After many hours of debugging and analysis, I have finally managed to isolate the cause of a race condition. Solving it is another matter!
To see the race condition in action, I recorded a video some way in to the debugging process. I have since furthered my understanding of the situation so please forgive the poor commentary and the silly mechanisms implemented as part of the debugging process.
http://screencast.com/t/aTAk1NOVanjR
So, the situation: we have a double buffered implementation of a surface (i.e. java.awt.Frame or Window) where there is an ongoing thread that essentially loops continuously, invoking the render process (which performs UI layout and renders it to the backbuffer) and then, post-render, blits the rendered area from backbuffer to screen.
Here's the pseudo-code version (full version line 824 of Surface.java) of the double buffered render:
public RenderedRegions render() {
// pseudo code
RenderedRegions r = super.render();
if (r==null) // nothing rendered
return
for (region in r)
establish max bounds
blit(max bounds)
return r;
}
As with any AWT surface implementation, it also implements (line 507 in AWT.java - link limit :( - use Surface.java link, replace core/Surface.java with plat/AWT.java) the paint/update overrides which also blit from the backbuffer to the screen:
public void paint(Graphics gr) {
Rectangle r = gr.getClipBounds();
refreshFromBackbuffer(r.x - leftInset, r.y - topInset, r.width, r.height);
}
Blitting is implemented (line 371 in AWT.java) using the drawImage() function:
/** synchronized as otherwise it is possible to blit before images have been rendered to the backbuffer */
public synchronized void blit(PixelBuffer s, int sx, int sy, int dx, int dy, int dx2, int dy2) {
discoverInsets();
try {
window.getGraphics().drawImage(((AWTPixelBuffer)s).i,
dx + leftInset, dy + topInset, // destination topleft corner
dx2 + leftInset, dy2 + topInset, // destination bottomright corner
sx, sy, // source topleft corner
sx + (dx2 - dx), sy + (dy2 - dy), // source bottomright corner
null);
} catch (NullPointerException npe) { /* FIXME: handle this gracefully */ }
}
(Warning: this is where I start making assumptions!)
The problem here seems to be that drawImage is asynchronous and that a blit from refreshBackBuffer() via paint/update is called first but occurs second.

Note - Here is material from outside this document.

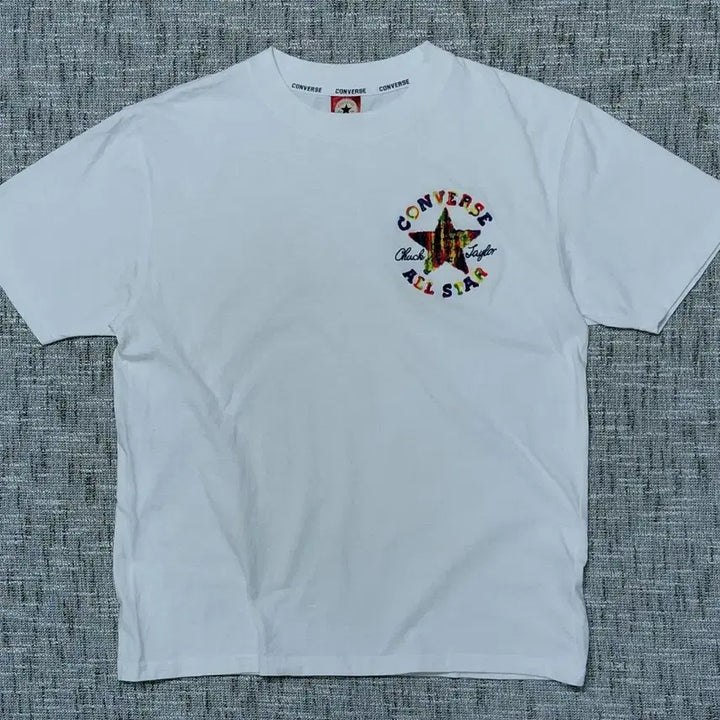 [BUNJANG] Converse Chuck Taylor Sagara Rainbow Embroidery Short Sleeve T-Shirt / [L] 컨버스 척테일러 올스타 사가라 무지개 자수 반팔 티셔츠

So... blit is already synchronized. The obvious way of preventing the race condition doesn't work. :(
So far I have come up with two solutions, but neither of them are ideal:
re-blit on the next render pass
cons: performance hit, still get a bit of flicker due when encountering the race condition (valid screen -> invalid screen -> valid screen)do not blit on paint/update, instead set refresh bounds and use those bounds on next render pass
cons: get black flicker when the screen is invalidated and the main application thread is catching up
Here (1) seems to be the lesser of two evils. Edit: and (2) doesn't work, getting blank screens... (1) works fine but is just masking the problem which is potentially still there.

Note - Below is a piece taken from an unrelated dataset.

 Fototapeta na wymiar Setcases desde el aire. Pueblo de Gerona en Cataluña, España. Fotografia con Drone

What I'm hoping for, and seem unable to conjure up due to my weak understanding of synchronized and how to use it, is a locking mechanism that somehow accounts for the asynchronous nature of drawImage().
Or perhaps use ImageObserver?
Note that due to the nature of the application (Vexi, for those interested, website is out of date and I can only use 2 hyperlinks) the render thread must be outside of paint/update - it has a single-threaded script model and the layout process (a sub-process of render) invokes script.